Collected data:
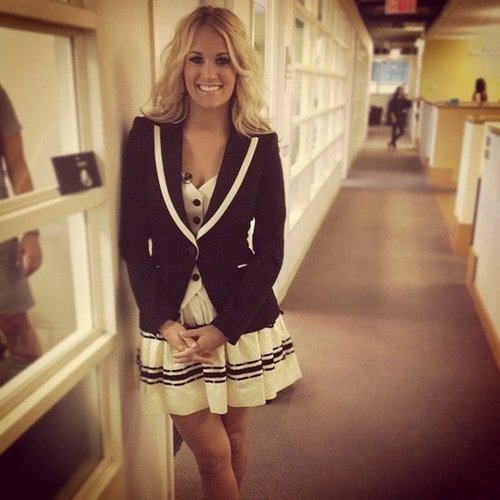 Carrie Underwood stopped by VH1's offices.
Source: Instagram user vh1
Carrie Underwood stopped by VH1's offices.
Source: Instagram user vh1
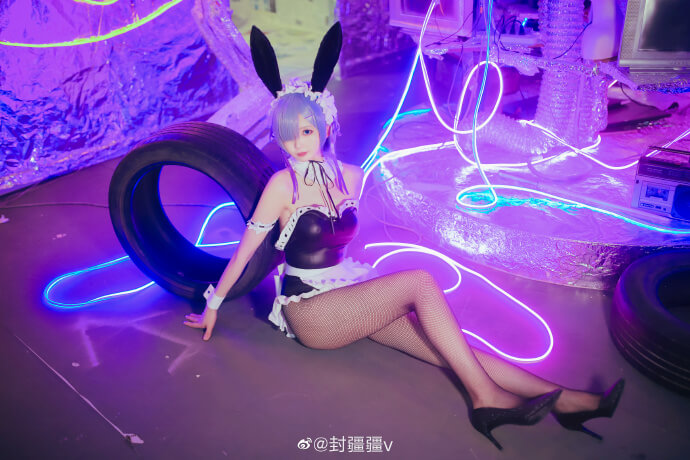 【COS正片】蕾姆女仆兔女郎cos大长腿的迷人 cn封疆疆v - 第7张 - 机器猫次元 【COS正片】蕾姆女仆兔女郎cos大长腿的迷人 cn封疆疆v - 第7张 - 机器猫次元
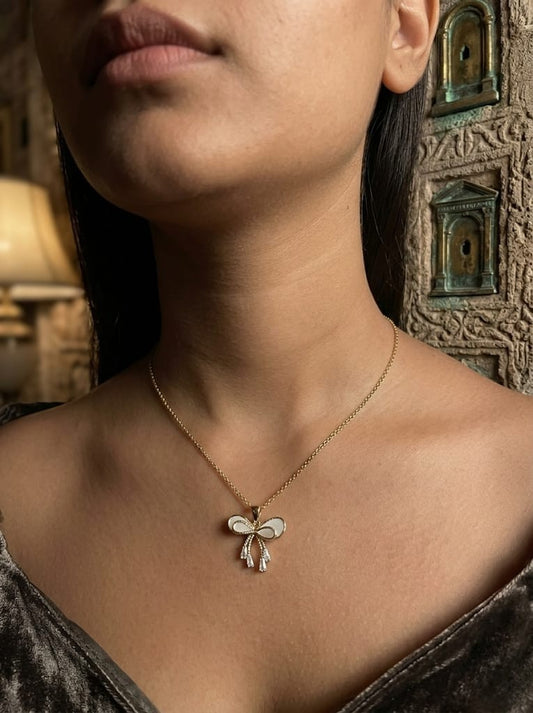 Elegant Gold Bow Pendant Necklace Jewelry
* * *
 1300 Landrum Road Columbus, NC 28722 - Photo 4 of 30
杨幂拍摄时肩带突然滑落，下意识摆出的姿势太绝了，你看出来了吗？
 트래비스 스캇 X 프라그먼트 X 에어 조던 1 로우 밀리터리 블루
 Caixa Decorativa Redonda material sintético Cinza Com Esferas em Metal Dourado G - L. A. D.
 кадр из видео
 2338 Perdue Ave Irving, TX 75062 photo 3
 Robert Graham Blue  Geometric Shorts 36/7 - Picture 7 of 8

» **What you have to do**
Only the lines above from the line with "кадр из видео" to the line with "Picture 7 of 8", those two lines included, should be reproduced exactly.

» **The completed task**
 кадр из видео
 2338 Perdue Ave Irving, TX 75062 photo 3
 Robert Graham Blue  Geometric Shorts 36/7 - Picture 7 of 8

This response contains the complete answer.